Die Mitarbeiterin sei „möglicherweise nur Zufallsopfer“, sagte der Leiter der Mordkommission, Guido Adler. Der arbeitslose Mann habe nach eigenen Angaben schon „vor Wut gekocht“, als er das Büro betrat, sagte Staatsanwältin Britta Zur. Er habe eine Tötungsabsicht zwar bestritten, die Tatspuren sprächen aber eine andere Sprache.

Eine Leistungskürzung oder ähnliche gravierende Einschnitte hätten dem Mann nicht gedroht. Er habe in einem Projekt fit für den Arbeitsmarkt gemacht werden sollen. Ein Mitarbeiter eines Instituts habe dazu einen Lebenslauf mit dem 52-Jährigen erstellt, der früher Landwirt gewesen sein soll. Der Mann ist geschieden und nicht vorbestraft.
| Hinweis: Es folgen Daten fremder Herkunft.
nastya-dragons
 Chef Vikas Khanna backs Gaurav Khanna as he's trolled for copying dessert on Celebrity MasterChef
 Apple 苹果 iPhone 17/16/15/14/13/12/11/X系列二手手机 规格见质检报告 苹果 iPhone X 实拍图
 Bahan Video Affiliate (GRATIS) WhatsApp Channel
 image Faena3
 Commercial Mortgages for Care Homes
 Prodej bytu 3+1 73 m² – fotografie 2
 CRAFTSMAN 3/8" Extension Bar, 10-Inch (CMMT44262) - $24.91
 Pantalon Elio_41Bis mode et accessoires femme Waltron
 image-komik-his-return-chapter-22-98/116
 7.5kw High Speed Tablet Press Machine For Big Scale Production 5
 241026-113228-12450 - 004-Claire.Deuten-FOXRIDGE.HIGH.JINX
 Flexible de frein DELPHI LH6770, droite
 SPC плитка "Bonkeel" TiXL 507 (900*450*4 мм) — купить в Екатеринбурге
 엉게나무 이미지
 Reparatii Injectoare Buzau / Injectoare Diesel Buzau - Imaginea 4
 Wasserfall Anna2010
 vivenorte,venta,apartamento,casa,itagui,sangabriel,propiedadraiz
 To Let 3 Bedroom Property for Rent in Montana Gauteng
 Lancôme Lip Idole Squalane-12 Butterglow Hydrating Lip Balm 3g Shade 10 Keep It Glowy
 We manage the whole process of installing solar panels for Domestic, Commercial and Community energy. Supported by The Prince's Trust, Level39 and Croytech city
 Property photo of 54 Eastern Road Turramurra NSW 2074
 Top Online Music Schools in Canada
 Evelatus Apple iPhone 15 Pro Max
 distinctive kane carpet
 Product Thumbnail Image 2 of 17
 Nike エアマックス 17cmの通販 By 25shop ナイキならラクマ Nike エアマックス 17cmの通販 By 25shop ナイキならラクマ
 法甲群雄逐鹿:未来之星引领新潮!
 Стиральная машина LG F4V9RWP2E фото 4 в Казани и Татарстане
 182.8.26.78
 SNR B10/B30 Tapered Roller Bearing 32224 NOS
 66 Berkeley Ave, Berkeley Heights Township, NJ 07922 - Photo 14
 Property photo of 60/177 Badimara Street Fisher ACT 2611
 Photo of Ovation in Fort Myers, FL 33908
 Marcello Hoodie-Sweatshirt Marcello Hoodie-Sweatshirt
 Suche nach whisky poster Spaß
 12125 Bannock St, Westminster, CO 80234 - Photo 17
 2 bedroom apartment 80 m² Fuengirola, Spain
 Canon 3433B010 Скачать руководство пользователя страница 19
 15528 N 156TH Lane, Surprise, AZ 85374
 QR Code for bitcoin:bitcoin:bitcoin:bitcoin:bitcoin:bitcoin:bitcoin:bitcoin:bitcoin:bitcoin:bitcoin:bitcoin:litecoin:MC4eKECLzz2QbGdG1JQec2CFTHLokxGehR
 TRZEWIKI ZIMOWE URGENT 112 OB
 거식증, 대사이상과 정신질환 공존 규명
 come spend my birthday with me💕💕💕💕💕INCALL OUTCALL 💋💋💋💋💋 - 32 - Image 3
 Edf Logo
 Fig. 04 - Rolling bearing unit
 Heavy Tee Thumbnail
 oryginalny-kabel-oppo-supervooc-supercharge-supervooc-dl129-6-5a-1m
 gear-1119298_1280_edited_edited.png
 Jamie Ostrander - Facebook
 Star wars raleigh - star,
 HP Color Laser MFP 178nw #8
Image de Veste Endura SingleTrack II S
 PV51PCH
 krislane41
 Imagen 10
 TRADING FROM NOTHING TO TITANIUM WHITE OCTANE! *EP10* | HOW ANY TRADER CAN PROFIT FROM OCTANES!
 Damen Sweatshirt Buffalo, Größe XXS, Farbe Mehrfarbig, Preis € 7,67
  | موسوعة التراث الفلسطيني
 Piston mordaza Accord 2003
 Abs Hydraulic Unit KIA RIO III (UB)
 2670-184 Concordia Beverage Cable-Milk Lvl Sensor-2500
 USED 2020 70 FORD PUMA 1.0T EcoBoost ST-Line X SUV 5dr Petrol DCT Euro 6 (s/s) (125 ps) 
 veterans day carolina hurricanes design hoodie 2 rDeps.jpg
Nach der Bluttat ist eine Sicherheitsdiskussion entbrannt. Die Sicherheitsmaßnahmen in den Jobcentern kämen auf den Prüfstand, sagte ein Sprecher der Regionaldirektion der Bundesagentur für Arbeit am Donnerstag in Düsseldorf. „Man muss alles überdenken.“

Das Büro der 32-jährigen Mitarbeiterin hatte nach Angaben der Jobcenter-Leiterin keine Zwischentür, die eine Flucht oder schnelle Hilfe aus dem Nachbarbüro ermöglicht hätte. Auch gab es in dem Gebäude keinen privaten Sicherheitsdienst. Das Opfer hatte noch am Tag vor ihrem Tod an einem Deeskalationstraining teilgenommen. Den Notfallknopf an ihrer Tastatur hatte sie nicht ausgelöst. Möglicherweise kam der Messerangriff dafür zu rasch.

„Man kann keine Beratung hinter Panzerglas führen“, hieß es bei der Regionaldirektion NRW. Aber über Maßnahmen wie etwa Metallschleusen an den Eingängen wie an den Gerichten in NRW werde man nun diskutieren müssen. „Denkblockaden gibt es da nicht mehr.“

Die Zentrale der Bundesagentur für Arbeit plant nach der tödlichen Attacke im Neusser Jobcenter vorerst keine unmittelbaren Konsequenzen. Die Gewerkschaft Verdi forderte dagegen eine Überprüfung der Sicherheitsmaßnahmen in allen Jobcentern. Kommunen und Bundesagentur für Arbeit müssten „unverzüglich die Sicherheitskonzepte der Jobcenter auf den Prüfstand stellen, damit sich solch ein schrecklicher Vorfall wie in Neuss nicht wiederholen kann„, forderte Isolde Kunkel-Weber vom Verdi-Bundesvorstand in Berlin.